SALIÓ SILBANDO FUNICULÍ FUNICULÁ
Por José Cardona-López*
Sí, era una verdadera lástima que Arnulfo Manjarrez se hubiera hecho a un lado en el ambiente de hilaridad con que en la Sección de Archivo se ablandaba la monotonía de recibir papeles y documentos para archivar, de ocho a cinco y de lunes a viernes. Ahora Arnulfo ya no daba ni aceptaba bromas. Reía muy poco y se irritaba con la menor chanza que le jugaran. Su cuerpo naufragaba en una adrenalina muy espesa y los ácidos del estómago escurrían a chorros. Varias cuotas de la hipoteca de la casa atrasadas y como nueve deudas acumuladas lo tenían a centímetros de la desesperación total. No era ni un cuarto de la sombra del buen bromista que habían conocido por años.
Compartiendo un café sin Arnulfo porque Arnulfo había ido a la Caja Nacional a recoger unos frascos de Milanta, como con nostalgia los demás recordaron las tardes de los viernes en que hacían rueda para desternillarse de risa por las imitaciones de voces que él hacía. Imitaba voces de cantantes, de personajes de la televisión, de funcionarios del Instituto, del Presidente, de ministros y hasta ministras. Las imitaciones eran exactas, igual los gestos.
Diana del Carmen estaba enterada de la vida de Arnulfo Manjarrez, y por ella Guillermo, Joaquín, Juan Alberto y Luis Carrillo, el Jefe de la Sección de Archivo, conocieron muchos detalles de lo que le pasaba a él. Definitivamente Arnulfo padecía de un mal período y todos tenían que aprender a convivir con él.
—No hay mal que dure cien años ni oficina que lo resista ―dijo Guillermo con la mirada arriba de los bifocales.
—Lo malo es que apenas llevamos siglo y medio, y al paso que andamos llegaremos a los dos meses —replicó Juan Alberto.

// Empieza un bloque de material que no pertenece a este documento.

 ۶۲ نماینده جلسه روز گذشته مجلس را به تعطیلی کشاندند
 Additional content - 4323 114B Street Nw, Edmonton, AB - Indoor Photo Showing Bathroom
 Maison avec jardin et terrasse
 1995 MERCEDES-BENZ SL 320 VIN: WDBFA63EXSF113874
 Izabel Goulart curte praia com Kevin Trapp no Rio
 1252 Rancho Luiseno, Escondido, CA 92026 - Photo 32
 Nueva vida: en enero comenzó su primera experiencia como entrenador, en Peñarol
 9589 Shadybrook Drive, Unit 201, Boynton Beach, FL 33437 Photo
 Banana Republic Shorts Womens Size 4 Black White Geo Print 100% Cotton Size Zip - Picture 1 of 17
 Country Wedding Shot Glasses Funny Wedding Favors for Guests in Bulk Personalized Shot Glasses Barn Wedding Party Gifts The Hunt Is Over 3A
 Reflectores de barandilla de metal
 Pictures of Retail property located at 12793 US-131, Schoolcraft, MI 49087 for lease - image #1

El dinero que Arnulfo juntó para pagar dos cuotas de la casa tuvo que encontrarlos con prestamistas de usura y en otras oficinas del Instituto. En la suya, incluido Carrillo, ya nadie podía prestarle plata al otro.
Una mañana Arnulfo tuvo que ir a la bodega de Archivo Muerto a buscar unos documentos para la División de Compras. Desde el día anterior estaba por bajar, pero se había inventado más de una disculpa para no hacerlo, sabía que esos documentos estaban muy refundidos. La última ocasión en que había organizado papeles de la División de Compras el cansancio lo tenía molido y había dejado por ahí varios paquetes, mezclados con los de otras dependencias del Instituto. Y ahora tenía que ir a escarbar en el Archivo Muerto para buscar documentos precisamente de la División de Compras. ¡Lo que me faltaba!, pensó. Luego de unas cuantas maldiciones que se dijo no tuvo más que resignarse y bajar a la bodega.
Los empleados de la Sección de Archivo eran los únicos que tenían acceso a la bodega del llamado Archivo Muerto. Allá se guardaba por años, que llegaban a sumar décadas, todo papel que no correspondiera a los dos o tres últimos años de labores en cada dependencia del Instituto. La luz de la bodega la daban un par de lámparas fluorescentes instaladas en los extremos centrales del cielo raso. Cuando lo buscado era algo que debía estar en los estantes del medio, se disponía de la mayor luminosidad posible. Si estaba en algún estante de los costados, los ojos bregaban mucho en la lectura de las letras que marcaban la caja, el paquete, y volverse ojos de gato para escarbar como perro en los papeles. Cada empleado de la Sección evitaba visitar esa bodega hasta cuando sus dioses se lo permitieran. Por más orden que pusieran entre los estantes, entre las cajas y paquetes de papeles, buscar algo insumía cuando menos tres cuartos de hora de dispendiosa labor.
La bodega de Archivo Muerto, claro está, era un lugar perfecto para instalar cascadas de risas entre los empleados de la Sección. Si en ella coincidían dos buscando algo, quien se desocupara primero apagaba la luz antes de salir. El otro quedaba condenado a oscuridad total, caminando a tropezones, sólo apoyado en maldiciones y palabrotas mientras palpaba hasta encontrar el interruptor. No era raro que el pomo interior de la puerta estuviera untado de una grasa blancuzca que no se sabía cómo había llegado a la bodega, o que en medio de dos estantes alguien pusiera un asiento caído. En la oficina la víctima contaba de lo sucedido y la risa con sus brincos ocurría. Después, cuando menos se esperaba, venía el desquite, y la risa seguía.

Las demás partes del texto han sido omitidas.